How to Publish a Book - Introduction

My father used to run a photography shop. It was the family business and when the time came to close it down there were boxes full of ancient miscellany to sort through. At the time I had been unwilling to go through them and simply put them in storage. This move appealled to both my innate laziness and my tendency to hoard. Now however, faced with rising storage costs and lack of alternative space, I've started the slow process and in doing so discovered this tome. Apparently written by one Timothy L. Marx, it dates to the 1920s and is an attempt at a guide to entering the world of publishing. It is hard to say who the actual author was. Neither my father nor grandfather have ever mentioned it, and there is no Timothy L. Marx on my family tree. Regardless of its origins, I'll scan some of the more interesting parts as and when I have time. Here's the introduction to start with.

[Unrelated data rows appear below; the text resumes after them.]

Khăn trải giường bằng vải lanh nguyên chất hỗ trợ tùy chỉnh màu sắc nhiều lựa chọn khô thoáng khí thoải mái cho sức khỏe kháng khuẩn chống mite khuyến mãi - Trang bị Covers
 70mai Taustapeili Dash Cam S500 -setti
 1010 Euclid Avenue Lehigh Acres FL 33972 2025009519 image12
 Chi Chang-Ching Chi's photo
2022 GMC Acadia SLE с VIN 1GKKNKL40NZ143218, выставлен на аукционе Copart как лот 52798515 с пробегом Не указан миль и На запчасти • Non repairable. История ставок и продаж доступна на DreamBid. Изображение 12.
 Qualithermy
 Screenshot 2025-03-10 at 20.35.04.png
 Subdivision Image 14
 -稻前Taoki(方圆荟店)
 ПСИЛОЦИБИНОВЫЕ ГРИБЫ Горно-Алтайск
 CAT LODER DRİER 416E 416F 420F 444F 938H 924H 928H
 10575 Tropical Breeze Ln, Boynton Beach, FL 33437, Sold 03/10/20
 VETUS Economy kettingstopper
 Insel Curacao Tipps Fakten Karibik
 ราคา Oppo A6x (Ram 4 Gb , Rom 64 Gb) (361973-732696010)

Late last year I was knocking back some twisty twos with my chums at the club when during a lull in the chit-chat old Cuthers announced that he had written a book. He did this with no signposting of his intent and just blurted it out, as though the silence was so unbearable he would say anything to fill it. Dangerous disposition that, the man must avoid libraries like I avoid my relatives. Naturally we all laughed at this news, not so much as it was ridiculous, but because of the manner in which it had been delivered. Although it was slightly ridiculous. We were all at Eton together, but some of us were more there than others and frankly I could never understand how his parents had afforded the fees.

Poor old Cuthers seemed rather put out by this hilarity, so since it was nearly Christmas I took pity on him and told him I could get it published. Should be a doddle, I said. My Uncle Piers works for Penguin and I was sure he would be happy to publish Cuthers' opus magnum. I did have an ulterior motive. With Christmas approaching, I would soon have to make the dreadful rounds of visiting relatives in the regions, and having to submit to their demands to know what I was doing with my life, besides frittering it away in some West End establishments. A venture into publishing should shut the old bores up. So, winners all round, lets's have a tall glass of Green Imp to celebrate!

The gesture was well received and with Cuthers' ego restored, we ordered some champers and tiny toots and were well and truly on our way to Christmas. I was uncategorically a genius of the first water. What could possibly go wrong?